I was movin’ down the block, we got caught at the light
– Bloktan aşağı iniyordum, ışığa yakalandık.
Out my window, I was shootin’ my shot
– Penceremden dışarı, atışımı yapıyordum.
Watchin’ fireworks in the sky
– Gökyüzündeki havai fişekleri izliyorum
In the summers, we let the top down, soak up the light
– Yazları tepeyi indiririz, ışığı ıslatırız.
All I wanted was just to lock down the love of my life
– Tek istediğim hayatımın aşkını kilitlemekti.

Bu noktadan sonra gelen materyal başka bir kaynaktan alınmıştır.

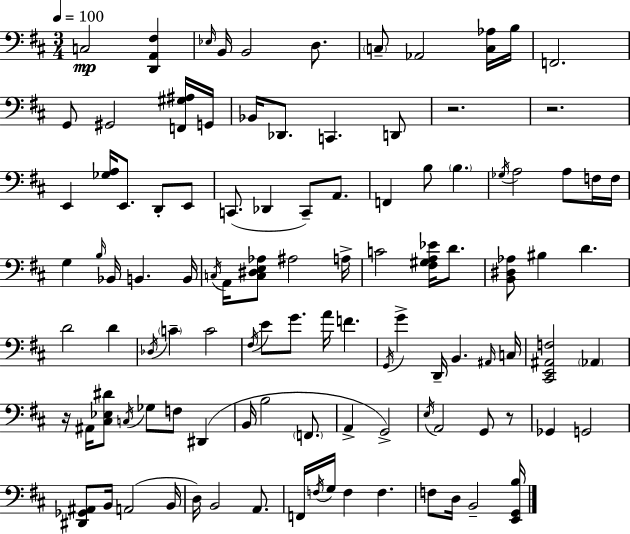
X:1
T:Untitled
M:3/4
L:1/4
K:D
C,2 [D,,A,,^F,] _E,/4 B,,/4 B,,2 D,/2 C,/2 _A,,2 [C,_A,]/4 B,/4 F,,2 G,,/2 ^G,,2 [F,,^G,^A,]/4 G,,/4 _B,,/4 _D,,/2 C,, D,,/2 z2 z2 E,, [_G,A,]/4 E,,/2 D,,/2 E,,/2 C,,/2 _D,, C,,/2 A,,/2 F,, B,/2 B, _G,/4 A,2 A,/2 F,/4 F,/4 G, B,/4 _B,,/4 B,, B,,/4 C,/4 A,,/4 [C,^D,E,_A,]/2 ^A,2 A,/4 C2 [^F,^G,A,_E]/4 D/2 [B,,^D,_A,]/2 ^B, D D2 D _D,/4 C C2 ^F,/4 E/2 G/2 A/4 F G,,/4 G D,,/4 B,, ^A,,/4 C,/4 [^C,,E,,^A,,F,]2 _A,, z/4 ^A,,/4 [^C,_E,^D]/2 C,/4 _G,/2 F,/2 ^D,, B,,/4 B,2 F,,/2 A,, G,,2 E,/4 A,,2 G,,/2 z/2 _G,, G,,2 [^D,,_G,,^A,,]/2 B,,/4 A,,2 B,,/4 D,/4 B,,2 A,,/2 F,,/4 F,/4 G,/4 F, F, F,/2 D,/4 B,,2 [E,,G,,B,]/4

Nice and simple like a midnight drive
– Gece yarısı sürüşü gibi güzel ve basit
Watchin’ fireworks in the sky
– Gökyüzündeki havai fişekleri izliyorum
I’m callin’ it now
– Şimdi ben yöneteceğim
I’m callin’ it now
– Şimdi ben yöneteceğim
I’m callin’ it now
– Şimdi ben yöneteceğim
You’ll find love
– Aşkı bulacaksın
With me somehow
– Bir şekilde benimle
Yeah, somehow
– Evet, bir şekilde
I’m callin’ it now
– Şimdi ben yöneteceğim
We was movin’ kinda fast, but the feelin’ was right
– Biraz hızlı hareket ediyorduk ama his haklıydı.

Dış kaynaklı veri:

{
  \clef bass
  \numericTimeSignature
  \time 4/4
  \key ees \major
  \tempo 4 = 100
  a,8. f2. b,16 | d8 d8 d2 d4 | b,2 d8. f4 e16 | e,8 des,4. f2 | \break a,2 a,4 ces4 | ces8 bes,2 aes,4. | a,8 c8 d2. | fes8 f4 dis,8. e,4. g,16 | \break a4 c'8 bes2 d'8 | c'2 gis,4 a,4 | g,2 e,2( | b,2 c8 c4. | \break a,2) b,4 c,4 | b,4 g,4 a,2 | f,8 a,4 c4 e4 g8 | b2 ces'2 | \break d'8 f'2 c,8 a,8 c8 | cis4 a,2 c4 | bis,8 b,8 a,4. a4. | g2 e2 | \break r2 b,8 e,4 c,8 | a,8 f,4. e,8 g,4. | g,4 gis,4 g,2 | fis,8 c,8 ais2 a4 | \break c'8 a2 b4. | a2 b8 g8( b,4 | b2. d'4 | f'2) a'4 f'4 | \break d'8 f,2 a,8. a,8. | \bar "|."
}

We should cruise up to Nevada, get married tonight
– Nevada’ya gidip bu gece evlenmeliyiz.
Life is simple ‘long as you in my life
– Hayat basit ‘ sen benim hayatımda olduğun sürece
Watchin’ fireworks in the sky
– Gökyüzündeki havai fişekleri izliyorum
In the summers we spent the nights makin’ love in the park
– Yazları geceleri parkta sevişerek geçirdik.
We was buzzin’ off cherry wine, lookin’ up at the stars
– Kiraz şarabından vızıldıyorduk, yıldızlara bakıyorduk.
I felt blissful how you felt in my arms
– Kollarımda hissettiğin mutluluğu hissettim.
Woke up, you was singin’ a song like
– Uyandım, şöyle bir şarkı söylüyordun
I’m callin’ it now
– Şimdi ben yöneteceğim
I’m callin’ it now
– Şimdi ben yöneteceğim
I’m callin’ it now
– Şimdi ben yöneteceğim
You’ll find love
– Aşkı bulacaksın
With me somehow
– Bir şekilde benimle
Yeah, somehow
– Evet, bir şekilde
I’m callin’ it now
– Şimdi ben yöneteceğim
(Ooh-ooh) every line, every word
– (Ooh-ooh) her satır, her kelime
Every noun and verb can’t define you
– Her isim ve fiil sizi tanımlayamaz
(Ooh-ooh) you were shy but you told me
– Utangaçtın ama bana söyledin.
To pull over and I’m right behind you
– Kenara çekip arkandayım.
I’m callin’ it now
– Şimdi ben yöneteceğim
I’m callin’ it now
– Şimdi ben yöneteceğim
I’m callin’ it now
– Şimdi ben yöneteceğim
You’ll find love
– Aşkı bulacaksın
With me somehow
– Bir şekilde benimle
Yeah, somehow
– Evet, bir şekilde
I’m callin’ it now
– Şimdi ben yöneteceğim
I’m callin’ it now
– Şimdi ben yöneteceğim
I’m callin’ it now
– Şimdi ben yöneteceğim
I’m callin’ it now
– Şimdi ben yöneteceğim
You’ll find love
– Aşkı bulacaksın
With me somehow
– Bir şekilde benimle
Yeah, somehow
– Evet, bir şekilde
I’m callin’ it now
– Şimdi ben yöneteceğim
Fire in the sky, yeah
– Gökyüzünde ateş, evet
Now I can see brighter days
– Şimdi daha parlak günler görebiliyorum.
Fire in the sky
– Gökyüzünde ateş
Now I can see brighter days
– Şimdi daha parlak günler görebiliyorum.
Hey mate, that’s fire
– Hey dostum, bu ateş.
Anderson .Paak – Fire In The Sky İngilizce Şarkı Sözleri Türkçe Anlamları
yazarı:
Etiketler:
Bir yanıt yazın
Yorum yapabilmek için oturum açmalısınız.